There was a full house at the Congress Theatre in Eastbourne to hear this concert by the London Philharmonic Orchestra. On the rostrum was one of the best and most energetic of today's young conductors, Michael Dworzynski, a Pole, who recently won the Donatella Flick Conducting Competition.
There is no more severe test of nerve and ability for a conductor than to have to steer an orchestra through the Rhapsody on a Theme of Paganini. With the brilliant Benjamin Moser at the Steinway, this was a high-wire act of breathtaking proportions. A familiar work it may be, but it was here performed with freshness and panache. The pianist's encore, "Dreaming" from Schumann's Scenes of Childhood, held the audience rapt from first to last. Sheer poetry.
The conductor also directed fine performances of Smetana's Vltava, an epic piece of scene painting of the mighty Vltava river from its trickling source in the mountains to its majestic entry into the city of Prague, and Beethoven's Eighth Symphony. Finely played though this was, I have always found Beethoven's repetition of the same fortissimo chords in this symphony somewhat trying.
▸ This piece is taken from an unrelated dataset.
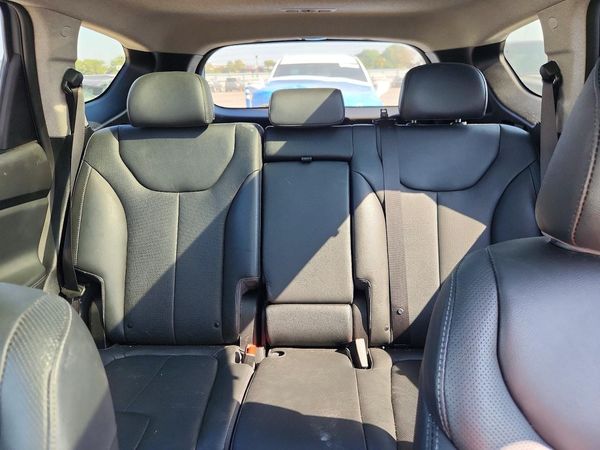 2019 HYUNDAI SANTA FE Limited, Ultimate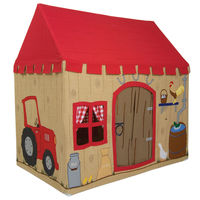 Win Green Barn Playhouse (Large)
This concert, generous in terms of time, with more than two hours of music, concluded with Tchaikovsky's The Nutcracker Suite. Hackneyed, you may say. By no means. The LPO gave the music its very best shot, with the various soloists revelling in their opportunities. Sir Thomas Beecham is said to have remarked to an assistant on one occasion, "You young men could learn a lot from Tchaikovsky!" When one hears the deft and innovative scoring in this music, you can see what he meant. The celeste, after all, is used for the first time in the 19th-century orchestra in the "Dance of the Sugar Plum Fairy".
The London Philharmonic Orchestra played The Nutcracker as if it really enjoyed it. Maybe it was a pleasant change from all that Mahler and Shostakovich it has to play nowadays.